Original issue 4 created by w.romain on 2010-10-04T12:04:44.000Z:
The following is feedback/discussion and not a bug report.
Although google-authenticator seems primarily designed for Google Apps, I have been experimenting with it as a way to provide multi-factor authentication with SSH.
In case there is interest, I prepared some RPMs available at:
The system works well and the client application is also very nice, but at this stage we have decided not to deploy it on our systems.
The main issue is the fact that the secret (used to generate OTP) is available in plain text in the home directory of users.
From our perspective, this seriously undermines the security model of google-authenticator for SSH authentication:
The code could easily be modified to store the share secret in a location different from the home directories or from the server itself, for example by implementing a central service for storing the secrets (Yubikeys typically do this). However, ultimately, the issue is that the OTPs are generated based on a shared secret. Shared secrets are extremely difficult to protect and always result in additional risks to be managed.

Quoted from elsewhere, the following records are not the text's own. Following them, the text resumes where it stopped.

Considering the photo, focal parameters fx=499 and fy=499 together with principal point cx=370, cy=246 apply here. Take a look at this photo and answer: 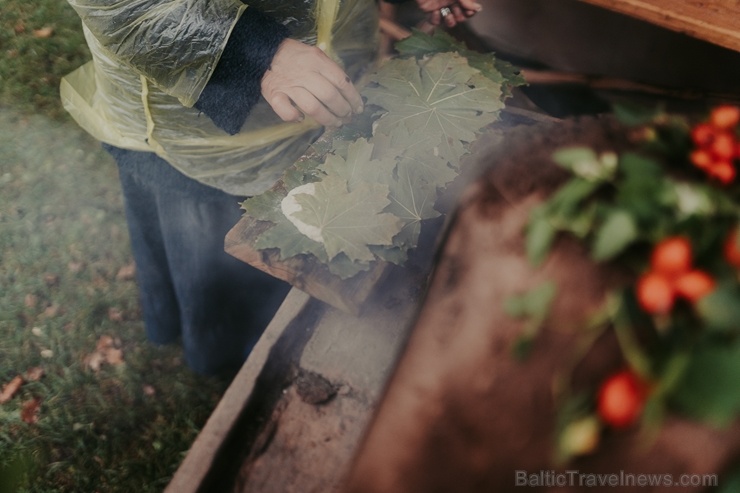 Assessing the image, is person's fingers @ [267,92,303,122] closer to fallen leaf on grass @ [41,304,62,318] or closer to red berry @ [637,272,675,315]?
red berry @ [637,272,675,315]

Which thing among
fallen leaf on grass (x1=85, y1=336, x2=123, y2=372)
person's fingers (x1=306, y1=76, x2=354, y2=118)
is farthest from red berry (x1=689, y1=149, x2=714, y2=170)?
fallen leaf on grass (x1=85, y1=336, x2=123, y2=372)

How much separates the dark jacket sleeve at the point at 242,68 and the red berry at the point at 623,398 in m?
1.40

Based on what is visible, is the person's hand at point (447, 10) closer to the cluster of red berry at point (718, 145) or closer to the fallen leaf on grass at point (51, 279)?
the cluster of red berry at point (718, 145)

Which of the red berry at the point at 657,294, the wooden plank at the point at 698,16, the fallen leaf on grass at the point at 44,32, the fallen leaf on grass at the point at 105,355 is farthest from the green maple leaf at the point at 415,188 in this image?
the fallen leaf on grass at the point at 44,32

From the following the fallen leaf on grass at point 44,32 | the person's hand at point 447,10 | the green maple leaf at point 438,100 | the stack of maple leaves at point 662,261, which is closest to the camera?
the stack of maple leaves at point 662,261

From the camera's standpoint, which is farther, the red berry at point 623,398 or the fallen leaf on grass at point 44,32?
the fallen leaf on grass at point 44,32

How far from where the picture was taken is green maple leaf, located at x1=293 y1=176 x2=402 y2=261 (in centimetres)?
150

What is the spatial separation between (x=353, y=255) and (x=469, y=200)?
56 centimetres

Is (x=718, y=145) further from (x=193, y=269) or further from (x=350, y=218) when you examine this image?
(x=193, y=269)

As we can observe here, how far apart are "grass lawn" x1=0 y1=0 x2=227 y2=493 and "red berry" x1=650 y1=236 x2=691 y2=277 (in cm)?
317

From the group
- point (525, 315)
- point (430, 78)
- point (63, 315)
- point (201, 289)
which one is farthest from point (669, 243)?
point (63, 315)

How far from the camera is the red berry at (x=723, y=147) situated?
0.84m

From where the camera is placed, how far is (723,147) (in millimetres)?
848

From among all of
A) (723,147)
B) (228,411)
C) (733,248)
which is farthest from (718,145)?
(228,411)
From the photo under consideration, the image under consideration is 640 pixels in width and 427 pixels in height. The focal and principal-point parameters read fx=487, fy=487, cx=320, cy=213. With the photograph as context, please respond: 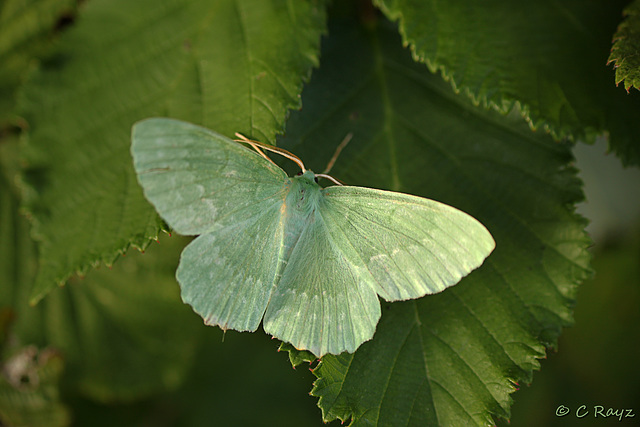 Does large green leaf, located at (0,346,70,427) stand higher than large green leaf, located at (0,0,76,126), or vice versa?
large green leaf, located at (0,0,76,126)

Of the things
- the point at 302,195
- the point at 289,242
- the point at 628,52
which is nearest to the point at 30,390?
the point at 289,242

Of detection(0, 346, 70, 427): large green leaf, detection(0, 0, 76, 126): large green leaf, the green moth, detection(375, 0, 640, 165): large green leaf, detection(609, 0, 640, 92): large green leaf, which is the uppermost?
detection(609, 0, 640, 92): large green leaf

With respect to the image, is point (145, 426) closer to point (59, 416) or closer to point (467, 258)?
point (59, 416)

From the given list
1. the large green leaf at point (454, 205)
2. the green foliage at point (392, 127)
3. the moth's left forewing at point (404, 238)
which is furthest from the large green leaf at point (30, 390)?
the moth's left forewing at point (404, 238)

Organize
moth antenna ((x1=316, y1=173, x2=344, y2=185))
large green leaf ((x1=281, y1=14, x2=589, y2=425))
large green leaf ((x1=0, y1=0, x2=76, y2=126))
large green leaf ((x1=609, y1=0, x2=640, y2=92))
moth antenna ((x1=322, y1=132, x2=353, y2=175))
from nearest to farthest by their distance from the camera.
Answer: large green leaf ((x1=609, y1=0, x2=640, y2=92)) < large green leaf ((x1=281, y1=14, x2=589, y2=425)) < moth antenna ((x1=316, y1=173, x2=344, y2=185)) < moth antenna ((x1=322, y1=132, x2=353, y2=175)) < large green leaf ((x1=0, y1=0, x2=76, y2=126))

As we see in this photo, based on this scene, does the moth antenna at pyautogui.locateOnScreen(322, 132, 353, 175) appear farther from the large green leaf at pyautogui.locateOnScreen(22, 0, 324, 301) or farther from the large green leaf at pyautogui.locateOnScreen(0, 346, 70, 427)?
the large green leaf at pyautogui.locateOnScreen(0, 346, 70, 427)

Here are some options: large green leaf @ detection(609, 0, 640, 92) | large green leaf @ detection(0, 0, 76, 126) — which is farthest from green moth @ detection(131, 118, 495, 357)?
large green leaf @ detection(0, 0, 76, 126)

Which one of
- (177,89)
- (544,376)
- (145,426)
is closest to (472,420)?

This is of course inherent to RFC 4226, and I am surprised/curious that no other standard was chosen?
Other solutions seem to exist as well, for instance based on hashes, like RFC 1938/2289: "added security is provided by the property that no secret information need be stored on any system, including the server being protected."
Any feedback welcome!
The text was updated successfully, but these errors were encountered:
While I appreciate your comments, a lot of them are outside the scope of the libpam module.
So, I will go ahead and close this issue for now.
Having said that, for a large-scale distributed installation, your best bet is probably the use of a centralized authentication server. You would then forward all authentication requests to this trusted server and no state would ever be stored locally.
I suspect that you could re-use most of the code from pam-google-authenticator.c for use by your authentication server. If you require us to refactor the code to expose some of the internal API, please say so, and we'll consider doing that.